In recent months we have witnessed how governments are looking for a more sustainable way out of the crisis, taking advantage of large recovery funds to reduce emissions and energy dependence. Among these projects, the great dream of green hydrogen stands out—an energy vector produced with renewable energies that they hope will become competitive sooner than many predicted.
This is what emerges from the latest report published by the Wood Mackenzie consulting firm, which indicates how projects in markets such as the United States and Europe are preparing a large deployment of this technology with an estimate of exceeding 100 GW installed in the coming years.
The expansion will reduce the cost of the materials with which the hydrogen is produced, and thus the price per kilo of it will be reduced.

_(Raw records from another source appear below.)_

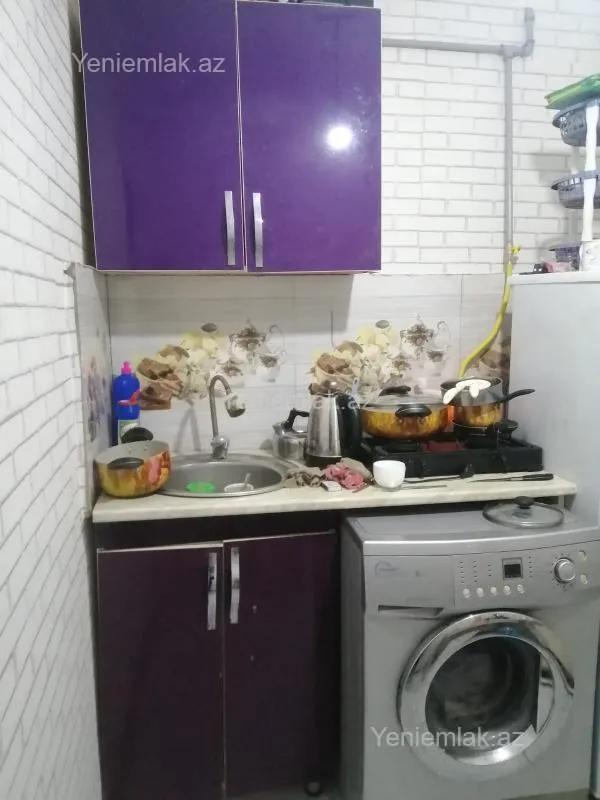 Satılır 1 otaqlı köhnə tikili 30 m²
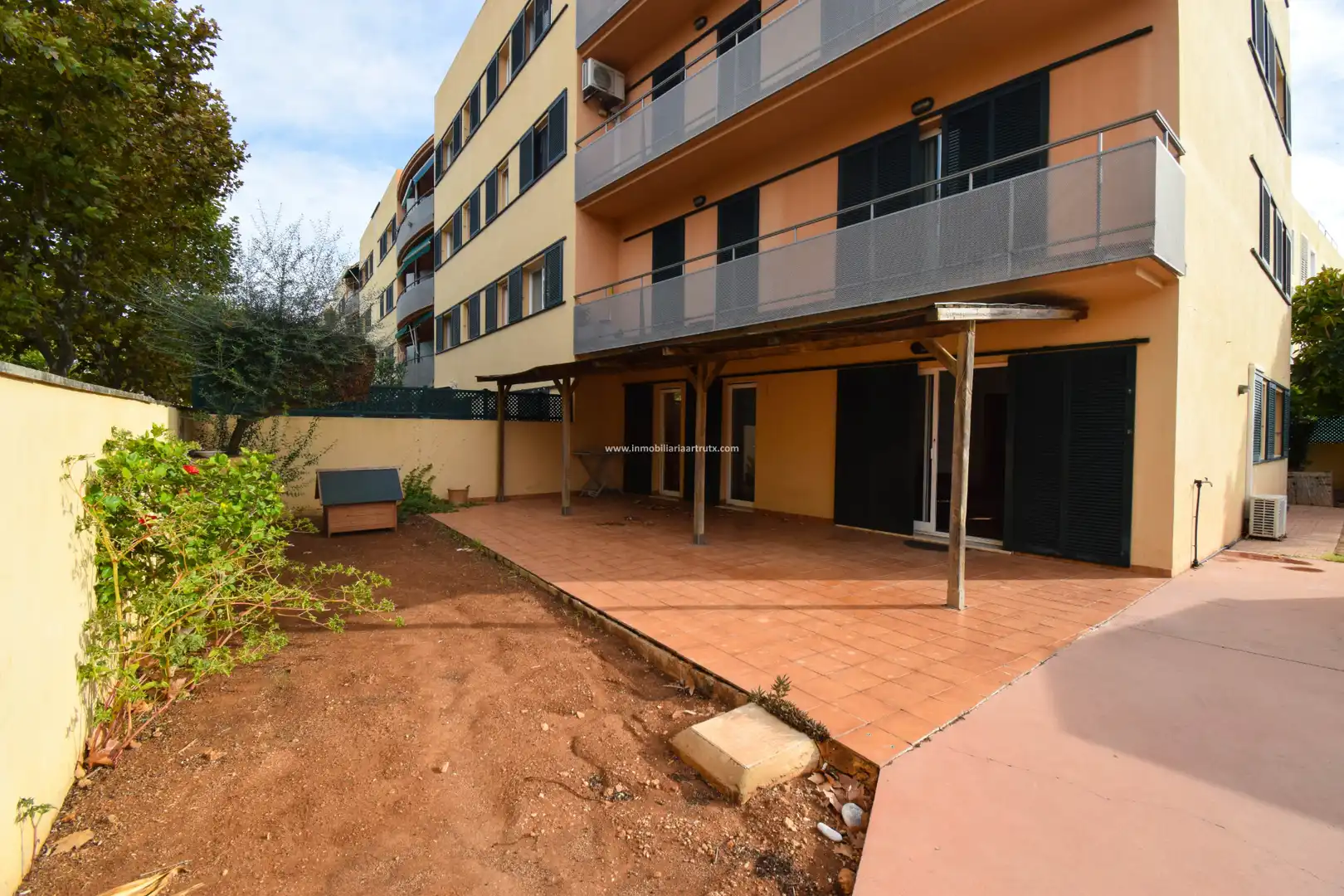 Piano terra con ascensore in vendita a Ciutadella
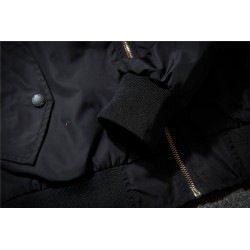 Black bomber jacka med broderade gyllene vingar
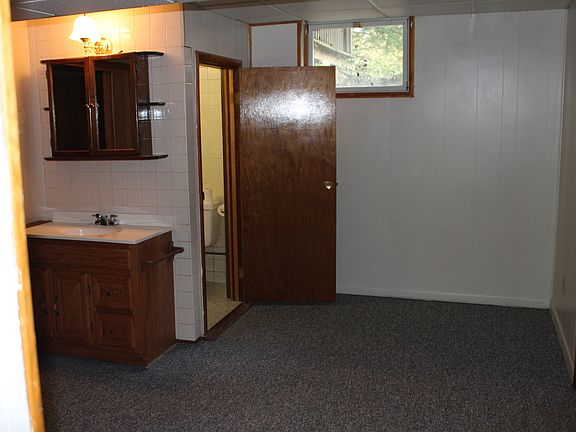 3rd bed and bath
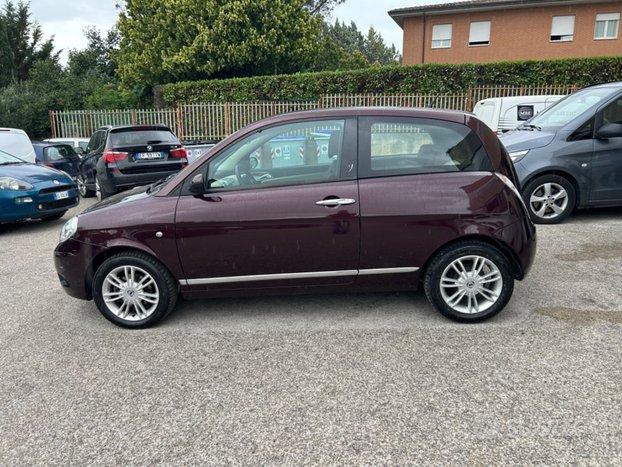 Lancia Ypsilon 1.3 MJT 90 CV Oro Giallo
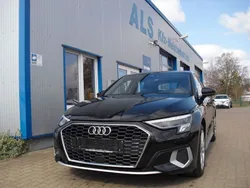Schwarz Gebraucht 2023 Audi A3 Advanced Limousine | 29.800 € (Fairer Preis)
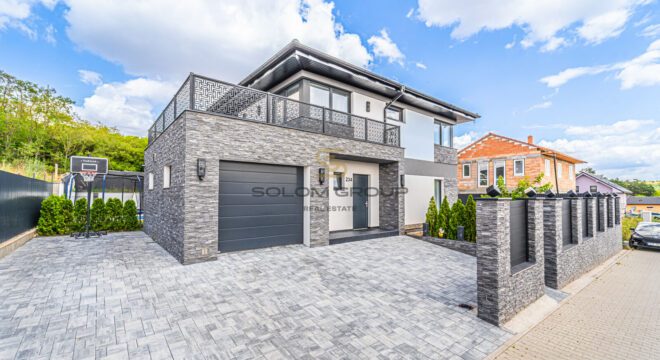 Prodej rodinného domu 6+kk, 246 m2 s pozemkem 683 m2, Zeměchy – Kralupy nad Vltavou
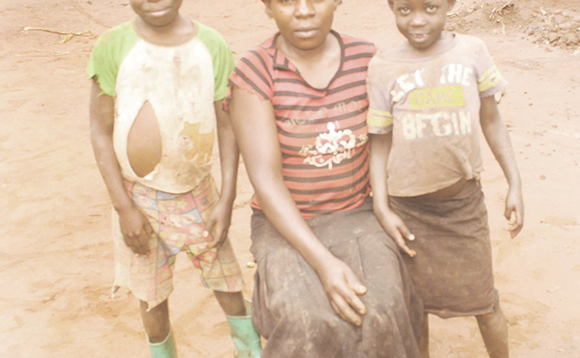 Teopista Nakiwala n'abamu ku baana be b'anoonyeza ssente z'okusoma Teopista Nakiwala n'abamu ku baana be b'anoonyeza ssente z'okusoma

For the Norwegian company NEL, in 2025, it will be possible to produce green hydrogen for $1.50 per kilo. A figure that would reduce the current cost of just over 60% is estimated at 4 dollars per kg.

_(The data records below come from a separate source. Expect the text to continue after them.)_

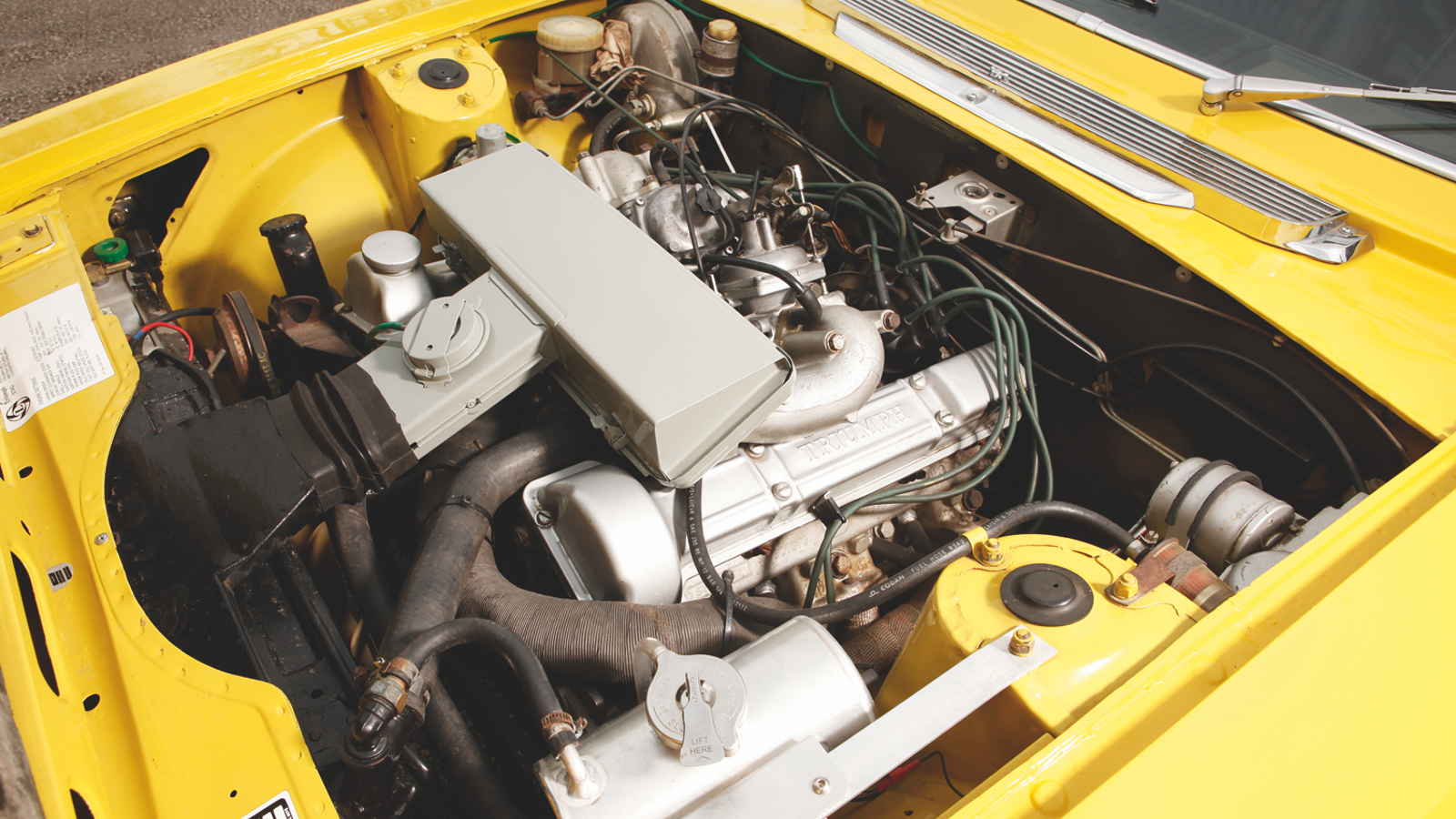 Sports cars for the family: classic GTs with four seats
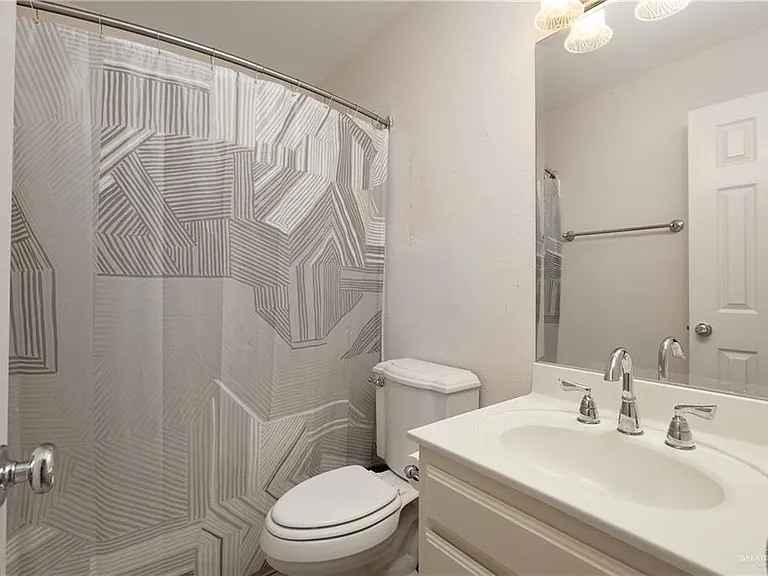 1018 Rio Grande Dr — Photo 15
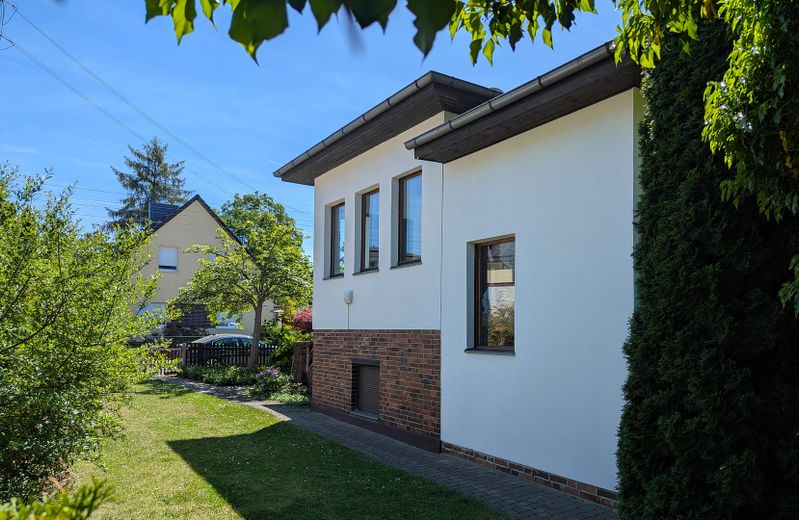 Provisionsfrei: Gepflegte DHH in Top-Lage Biesdorf – 160m² Gesamtfläche – Seitenansicht 2026
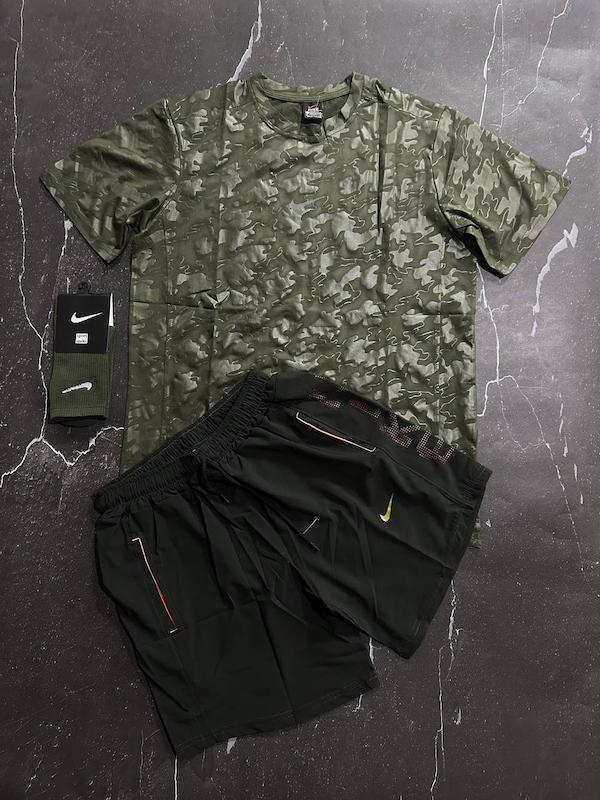 پکیج کد S3092 شامل تیشرت + شلوارک + جوراب با تم یشمی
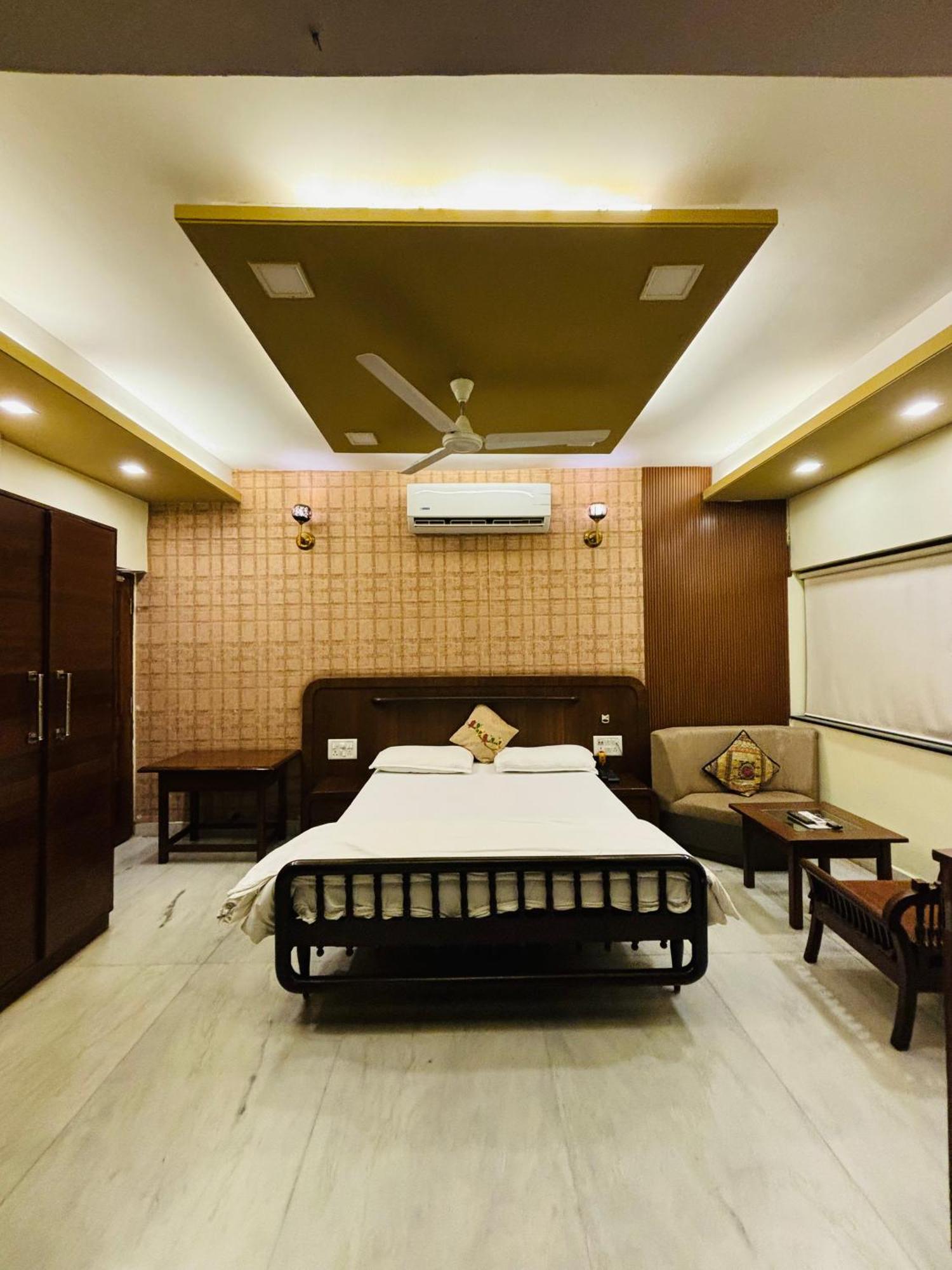 Royal Palms Luxury Service Apartment นาคปุระ ภายนอก รูปภาพ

According to Ben Gallagher, an analyst at Wood Mackenzie and author of the report, ‘The European Commission’s hydrogen strategy didn’t exist a year ago. The German strategy did not exist a year ago, nor did the Netherlands, Spain, or Portugal. China did not have a net-zero goal by 2060. With President Joe Biden and Vice President Kamala Harris pledging aggressive action to decarbonize the world’s largest economy, the change in US leadership will also help.”
One of the main problems with this is that most of the projects are very recent. They have enough detail to allow them to aspire to access public funds. Still, very few have specific buyers that are ready to sign and put the money beyond those looking to directly exchange gray hydrogen for green, or projects promoting hydrogen expansion across sectors such as transportation, where there is still no minimum number of proposals or potential buyers willing to invest.
According to the report, hydrogen still has faraway applications such as air conditioning, transport, or aviation, so they estimate that 80% of the green hydrogen that has been deployed this decade will be used solely to replace hydrogen from fossil fuels.
The big question is whether the sectors that can be potential customers of hydrogen, and that until now had never used it, will do so in the medium or long term. Something that will determine the future of a technology that, as in renewables or batteries, will use public money to start, but that will have to reach maturity at some point to become a true alternative.